Na pierwszym poziomie portfel funduszu PPK dzielony jest na część dłużną (obligacje, depozyty) oraz udziałową (akcje), w proporcjach zależnych od zdefiniowanej daty funduszu (okresu szacowanego przejścia na emeryturę przez uczestników). Im bliższy jest czas do zdefiniowanej daty, tym mniejszą część portfela może stanowić część udziałowa. W zależności od tego czasu część udziałowa może odpowiadać za 0-80% portfela, natomiast część dłużna za 20-100% portfela.

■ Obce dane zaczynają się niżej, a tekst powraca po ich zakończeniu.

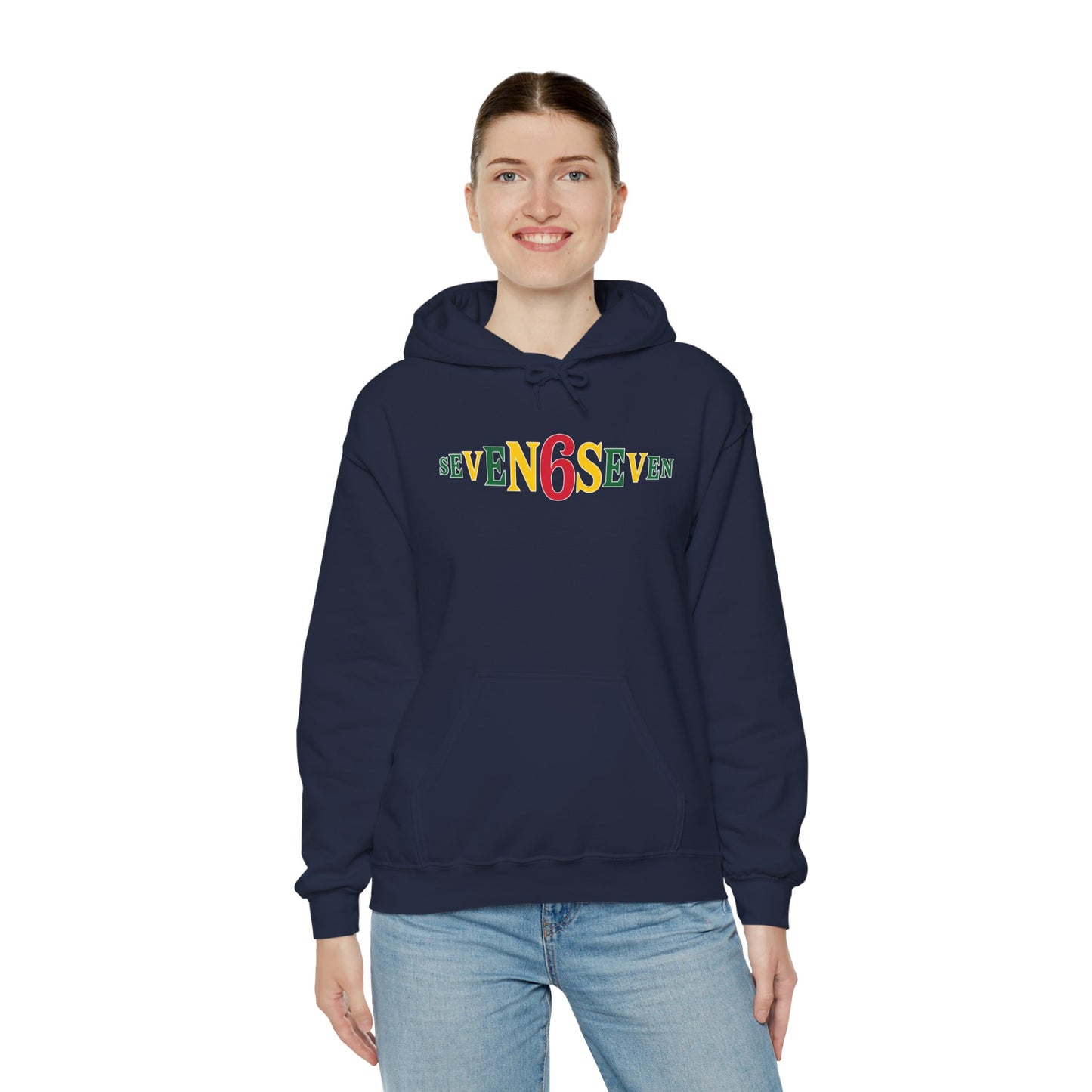 Unisex Heavy Blend™ Hooded Sweatshirt- Ice/Green/Gold Logo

Na drugim poziomie część dłużna i udziałowa dzielone są na ekspozycje na określone segmenty rynku. Część dłużna jest podzielona pod względem ryzyka kredytowego. Depozyty oraz obligacje emitowane, gwarantowane lub poręczone przez Skarb Państwa, NBP i inne wskazane instytucje muszą stanowić między 70 a 100% części dłużnej. Pozostałe instrumenty dłużne mogą odpowiadać za 0-30% tej części portfela, przy czym nie więcej niż 10% jeśli chodzi o instrumenty bez ratingu inwestycyjnego. W części udziałowej ekspozycja powinna być budowana głównie w oparciu o spółki z WIG20 w przedziale 40-80%, a także spółki notowane na giełdach zagranicznych z krajów OECD w przedziale 20-60%. Do 20% części udziałowej mogą stanowić spółki z mWIG40, a do 10% spółki spoza WIG20 i mWIG40 notowane (lub mające być notowane) na Rynku Głównym GPW czy NewConnect.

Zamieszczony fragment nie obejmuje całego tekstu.